--- TASK REQUIREMENTS ---
The copy must match the data word for word and contain no pictures.

--- COLLECTED DATA ---
▶

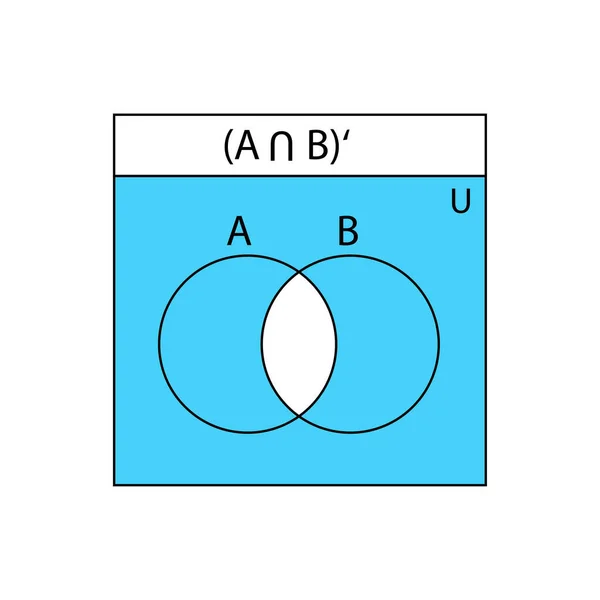 Venn Diagramm Umrissene Venn Diagramme Mit Überlappenden Kreisen Von Und — Stockvektor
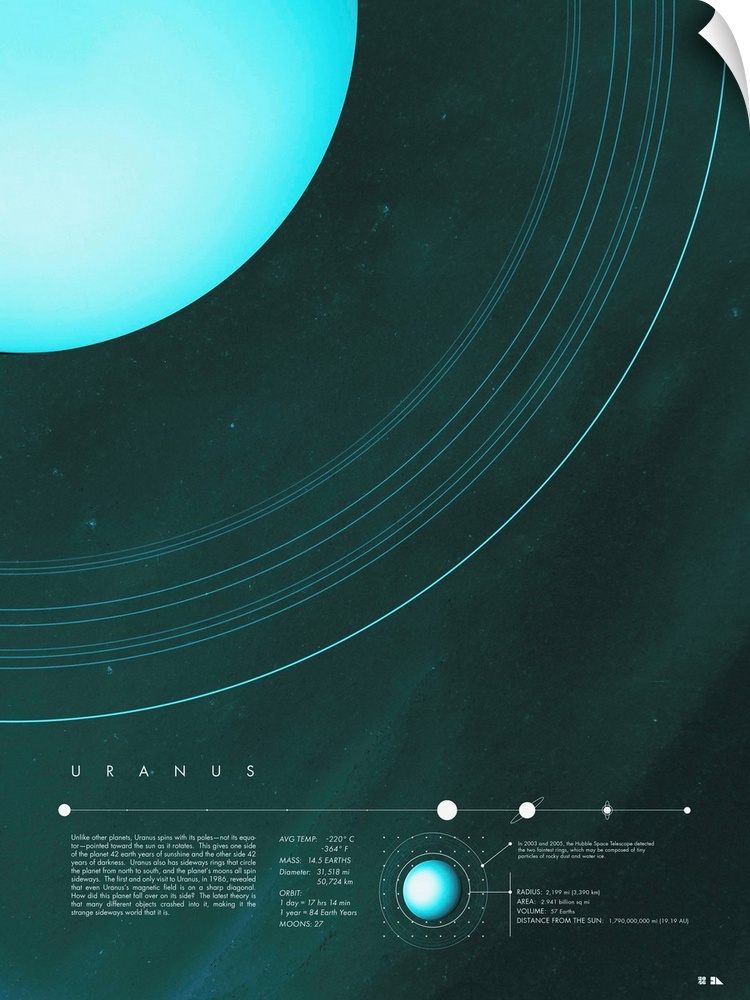 Educational graphic poster of Uranus with written facts at the bottom including average temperature, mass, diameter, orbit...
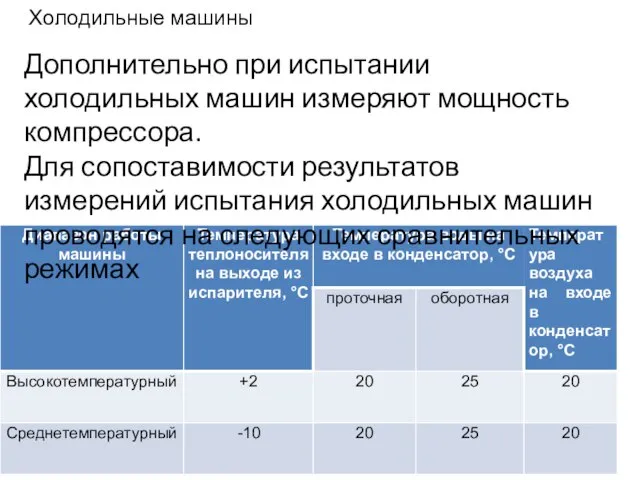 Холодильные машины Дополнительно при испытании холодильных машин измеряют мощность компрессора. Для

◀

--- ANSWER TO THE EXERCISE ---
 Venn Diagramm Umrissene Venn Diagramme Mit Überlappenden Kreisen Von Und — Stockvektor
 Educational graphic poster of Uranus with written facts at the bottom including average temperature, mass, diameter, orbit...
 Холодильные машины Дополнительно при испытании холодильных машин измеряют мощность компрессора. Для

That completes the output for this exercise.